Trinity                   June 16, 2019       Proverbs 8: 1-4; 22-31   Romans 5: 1-5

                Church meetings run on Robert’s Rules of Order.  Motions are made and seconded, discussion ensues, and a vote is taken.  In a meeting, there is a moderator, someone to bang the gavel, and people who get up to speak address themselves to the moderator instead of one another.  At the parliamentary level, the rules include forms of address when one person is referring to another, like “the gentleman from Aberdeen”.  If it is a particularly divisive debate that is going on, the person who refers to the other as “the gentleman from Aberdeen” may be thinking about that man in terms of “that filthy rotten scoundrel”…well, in this day and age, the language is probably a bit more graphic.
                In the British Parliament, the distance between the government and the opposition is just slightly beyond the distance of dueling swords, because dueling is how disagreements were resolved.  There is a ceremonial mace that is brought in and laid down for the conduct of business to happen, because the mace of battle was laid down that a more peaceful way of government could take place.  These continue the rules that Robert came up with to provide for the peaceful conduct of the people’s business in the English democratic system. 

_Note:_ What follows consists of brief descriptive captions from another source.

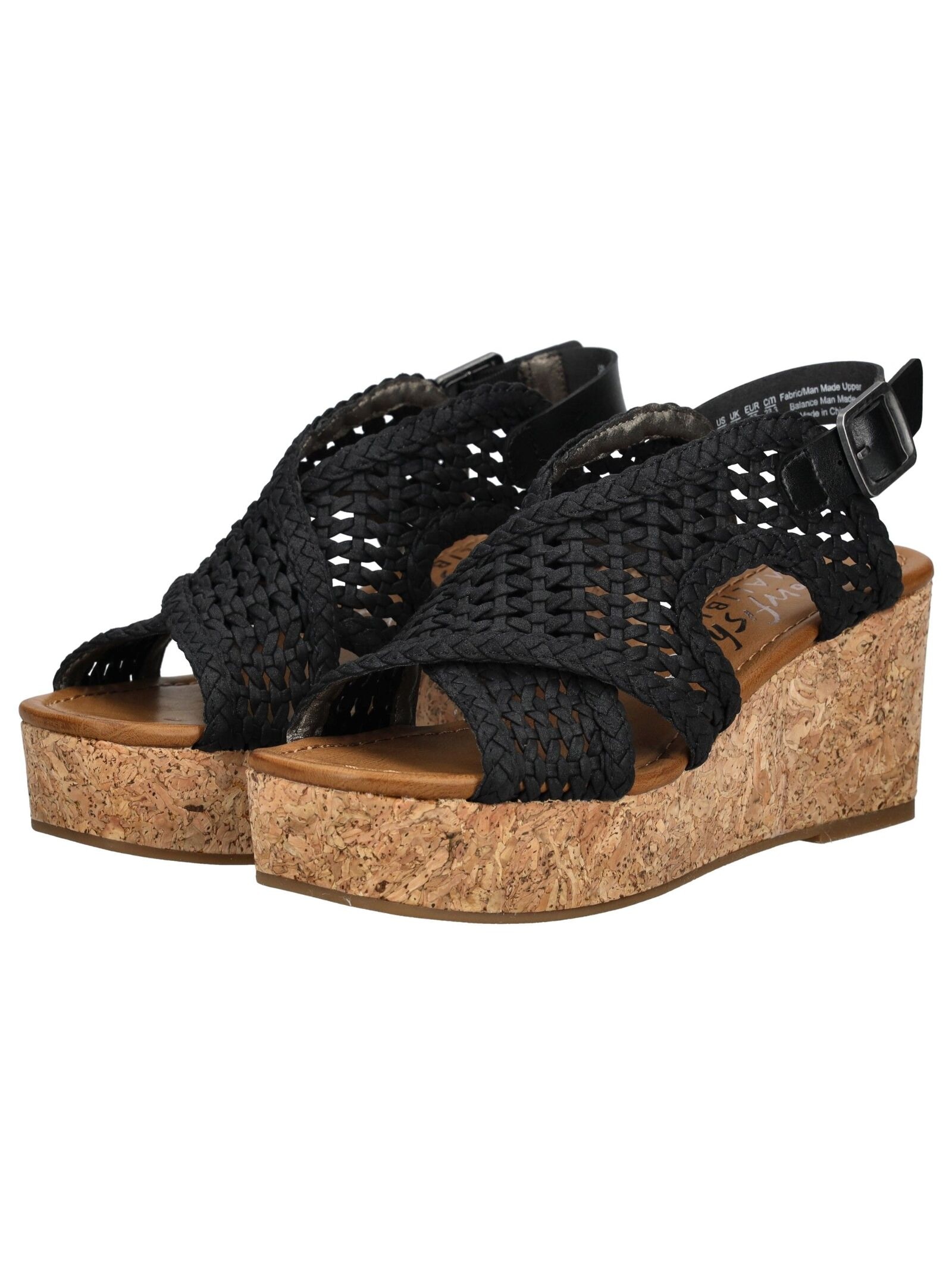 Blowfish Keilsandalette »Blowfish Sandalen Lederimitat«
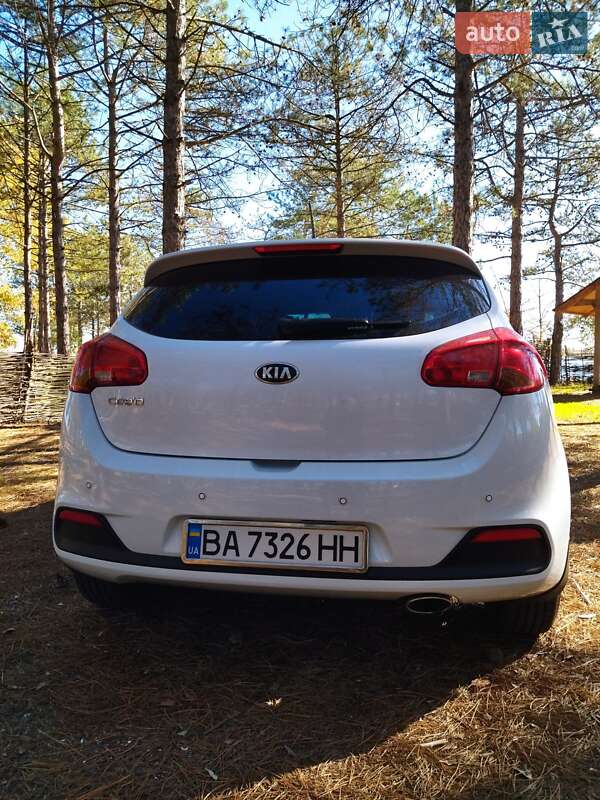Хэтчбек Kia Ceed 2013 в Килии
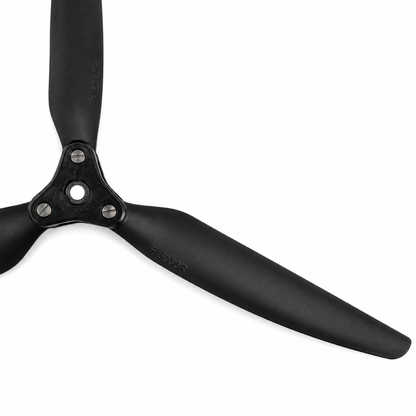 Gemfan 1307F Folding 3 Blade Glass Fiber Nylon – Unassembled Propeller (1CW + 1CCW)
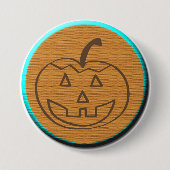 Halloween Pumpkin Button (Vorderseite)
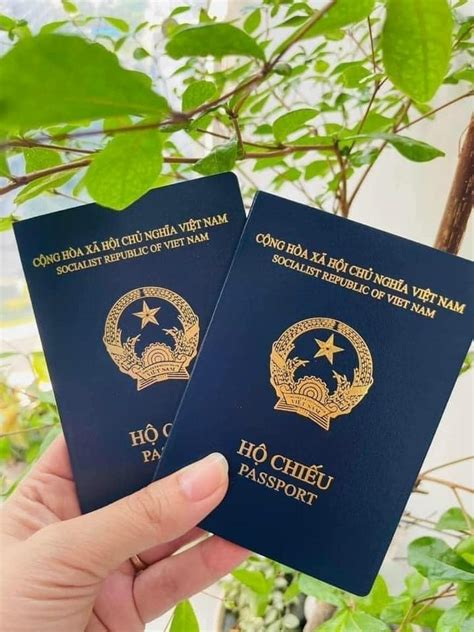 ho chieu passport  dai hanh trinh
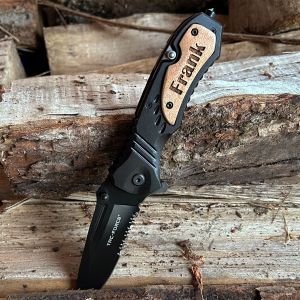 Personalized Folding Knife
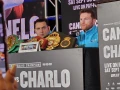 Conferencia de prensa Canelo Charlo Las Vegas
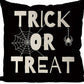 Halloween Pumpkin Throw Pillow Cover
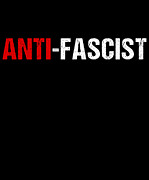 Anti-Facist Digital Art by Flippin Sweet Gear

                We have rules like these in our own Congress as well, but we don’t have the age of the British system to continue all these fascinating traditions to remind ourselves that democracy is a system of peace and benefit to all people.
                What we do have in this country are laws on two levels.  We have the laws of the land, passed by the various levels of government, municipal, county, state, and federal.  But then we have a higher law that governs how we do things.  We have the Constitution.  We use almost religious level language to talk about that document, how it is sacrosanct, a word that is synonymous with sacred.  The President swears an oath to defend the Constitution.  And for more than two hundred and forty years, no man, no matter how power hungry or partisan or doltish, has ever sought to overstay their executive power.

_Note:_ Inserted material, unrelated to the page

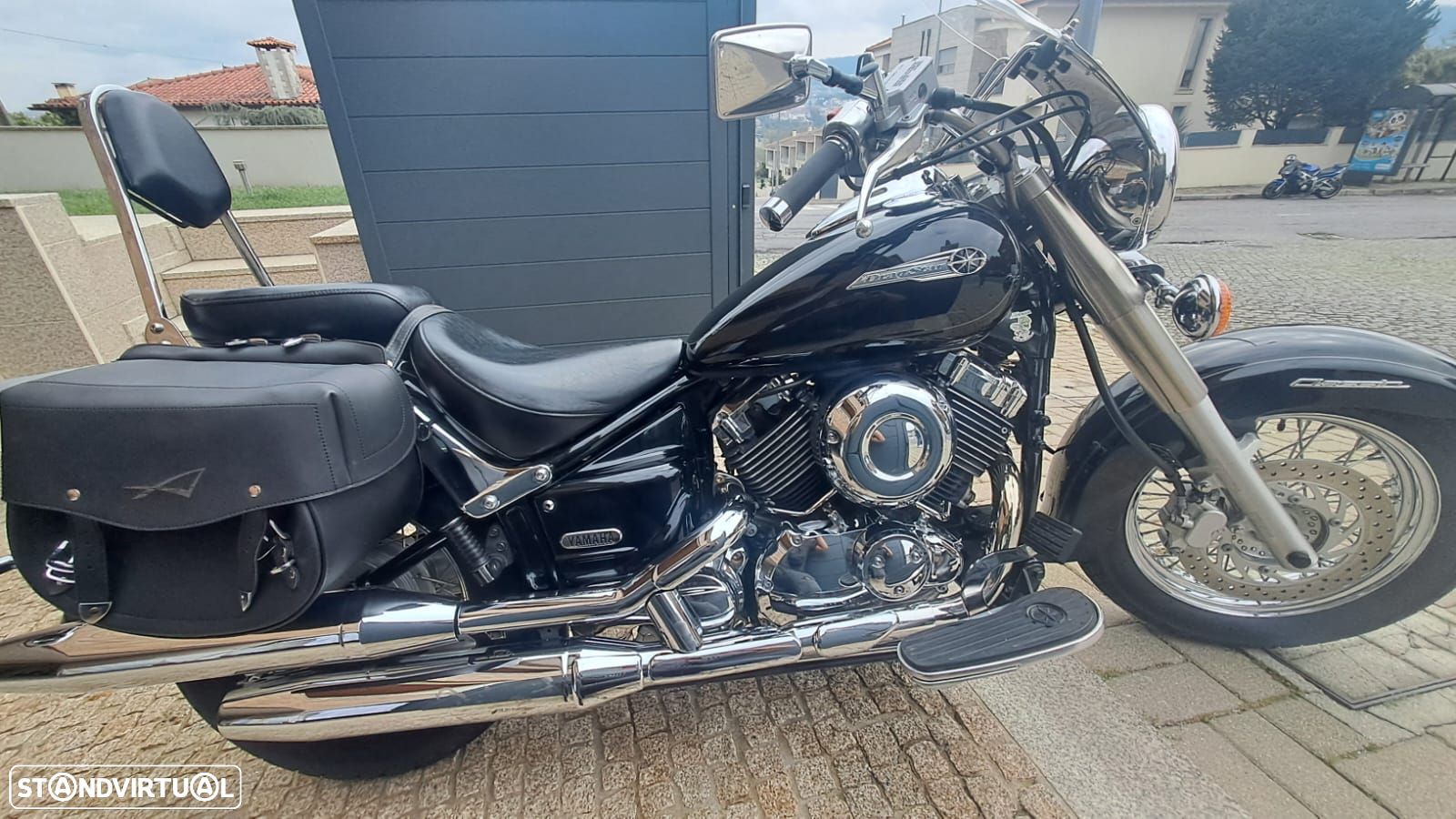Yamaha Dragstar - 1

                Why is this important?  Because it is what we humans have attempted to construct as a political system that is bigger and better than ourselves.  We have looked to the lessons of the past, to the excesses of royalty and dictatorship and we have determined, to mess up Winston Churchill, “Democracy is the worst form of government, except for all the others.”  It is a system from the people, by the people, for the people. 
                This is us, attempting to build something that is bigger and better than we are for the benefit of everyone.  Is the system perfect?  Of course not.  That is the genius of checks and balances.  But there are the best ideals of our Founding Fathers built in, tinkered with and fought over in the years since.  What we are trying to do here is build a divine level system for the benefit of everyone.  Ever looked up in the Capital Dome in Washington DC?  It is painted in the style of the ancient Greeks, idealized and portraying the gods and their work among humans, providing a vision of what is being sought.
                Humans have been attempting to create divine level systems from the earliest days of our existence.  How do we explain natural phenomena?  How do we explain who is in charge here, in this region?  There is a deity behind it.  How does the sun travel through the sky?  The Greeks thought it was Helios in his golden chariot.  What happens after we die?  The Egyptians considered Osiris to be the judge of those seeking to gain access to the underworld.  Read the Old Testament and there is reference to Baals in the plural.  There was more than one, he/they/it were connected to particular regions of the world.  It would be like if Perth Amboy had a Baal, and Woodbridge, well, several, Baal-Avenel, Baal-Iselin, Baal-Fords, Baal-Woodbridge downtown… 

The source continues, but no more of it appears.